Jun 06, 2017 12:14 PM

Editorial: Innovation - The Next Big Test for China’s Economy

The humbling moment in late May when Google's artificial intelligence program defeated the world champion in the ancient Chinese board game Go has fueled expectations that technological breakthroughs will lead to revolutionary changes in the world.

The 3-nil victory of AlphaGo over Ke Jie in the 2,500-year-old contest of strategy and intellect that is exponentially more complex than the game of chess, showcased the power of deep learning and reinforcement learning, technologies that allow machines to learn largely on their own. They can also revolutionize everything from health care to space exploration, the creators of AlphaGo said.

The so-called “fourth industrial revolution” unfolding globally is underpinned by fast-growing, category-bending technologies including data mining, cloud computing, the Internet of Things (IoT), self-driving cars and blockchain technology used for digital currency transactions. They are reshaping traditional industries and business models and can inject fresh momentum into China’s slowing economy if harnessed correctly.

But, top-down attempts to build an innovation-driven economy may create misguided incentives and tech bubbles. It could also intensify technology-driven disparities and challenge the established regulatory system. It remains a common narrative in Western media that creativity in China is stifled by state intervention, but the truth is China is rapidly closing the technological gap with the West across many sectors. The rate may vary, but the overall trend is unmistakable. China should push ahead with efforts to modernize outdated production facilities through smart manufacturing, while fostering emerging sectors such as biotechnology. To achieve these goals, policymakers should focus on building lean institutions that are business-friendly and can keep pace with technological changes.

Starting from the 1980’s, U.S. and other developed countries focused on vigorously developing services such as finance, film and entertainment. But after the 2008 financial crisis, many of them rushed to revive domestic industries and upgrade their manufacturing capacity. Meanwhile, money poured into research and development in the Information Communication Technology (ICT) sector over the past two decades is yielding fruit with many findings ready for commercial use.

China’s old growth model that relied on government investment and low-cost labor is losing steam as production costs surge and industrial overcapacity worsens. But, it has created an opportunity for the country to shift to a technology-driven economy. China’s massive domestic market and abundant talent has offered a solid foundation for the development of internet-related businesses. Many expect that over the next few years, China will be home to technology bellwethers that can rival foreign giants such as Google, Microsoft and Apple that can also help the country’s manufacturing sector to evolve.

This requires visionary political and business leaders to take action now, and strengthen China’s capacity for fundamental research, innovation and technology adaptation. Over the past three decades, China has been reckless, imitating and producing counterfeits for instant profits and taking over low-end manufacturing from developed countries. But in the era of technology-driven growth, China must stop copying others and develop original ideas and strengthen its basic research capacity, so that the country will not languish at the bottom of the industrial value chain.

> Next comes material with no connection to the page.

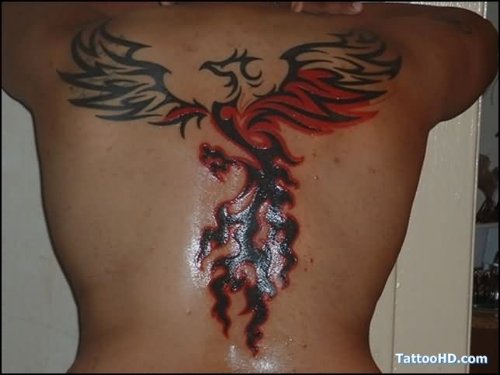 Amazing Flying Tribal Phoenix Tattoo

Private venture capitalists, government-backed incubators and angel investors have all dived in headlong into the current wave of innovation sweeping across major Chinese cities with startups competing tooth and nail to commercialize new technologies. In an interesting trend, several internet companies are branching out into manufacturing, such as developing self-driving cars. However, a shift to high-end production requires long-term efforts and a country needs original ideas and home-grown products to build a real competitive edge.

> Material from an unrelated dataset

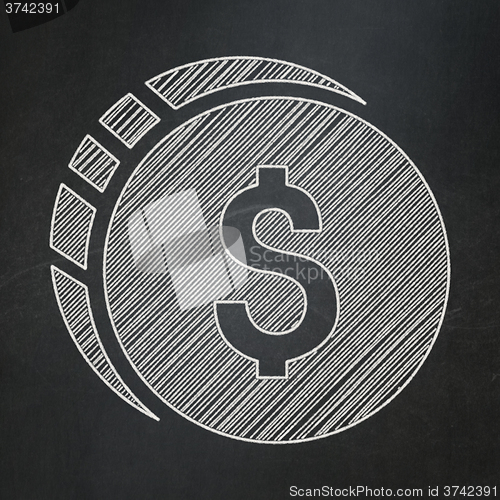 Image of Money concept: Dollar Coin on chalkboard background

Innovation is also a double-edged sword that can worsen existing inequalities. Fruits of technology-driven growth have always been unevenly distributed across the globe and disruptive changes can alienate huge swaths of the population.

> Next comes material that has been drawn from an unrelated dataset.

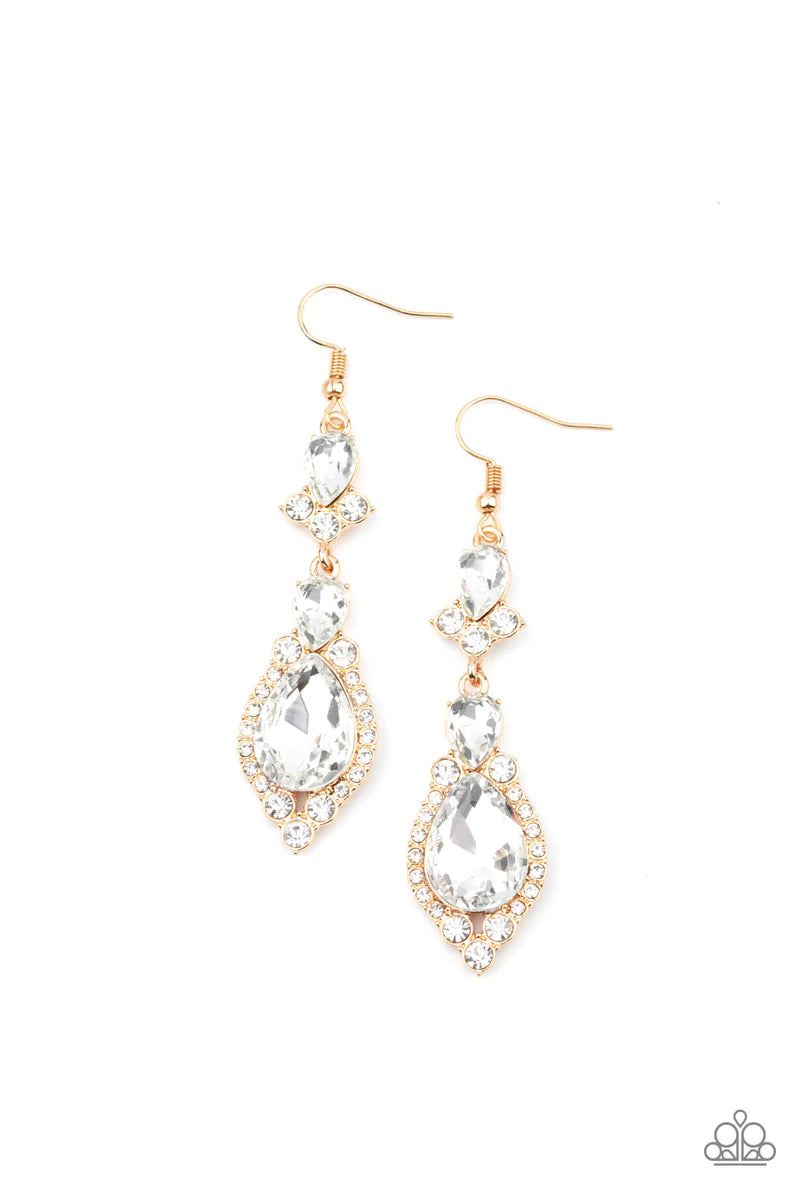Paparazzi Accessories Fully Flauntable - Gold Encased in sleek gold frames, a sparkly series of round and teardrop white rhinestones flawlessly stack into a timelessly twinkly lure for a jaw-dropping look. Earring attaches to a standard fishhook fitting.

The use of robots or drones, for example, will reduce the cost of labor, logistics and other factors of production, and shakeup global manufacturing. Countries that have relied on low-cost labor and cheap resources instead of innovation will soon be marginalized as the rules of international trade are rewritten. China must be aware of and prepared for these challenges.

A sound socioeconomic environment is vital to foster innovation. Short-sighted moves that bring instant benefits or relying on the state muscle to push forward technology breakthroughs will not deliver results in the long run. Hyperactive local governments eager to win state funds will create even more overcapacity and may tend to focus on quantity rather than quality. Policymakers should instead, trust the market’s ability and judgment and play its role as a supervisor and service provider.

According to leading economist Wu Jinglian, institutions were crucial to managing technology and economic reform. For a long time, the lack of protections and incentives has hurt innovation in China. It is important to create such arrangements to promote fair competition and protect intellectual property rights. This requires promoting the rule of law and encouraging creative thinking.

The rapid pace of technological change is creating unprecedented challenges for China and how the country deals with these will be the next big test facing its economy. The country should remain humble as it grapples with future uncertainties. It’s clear that institutional innovation is essential if the country wants to leapfrog ahead of its competition. This requires political will to break-up groups with vested interests and promote institutional transformation.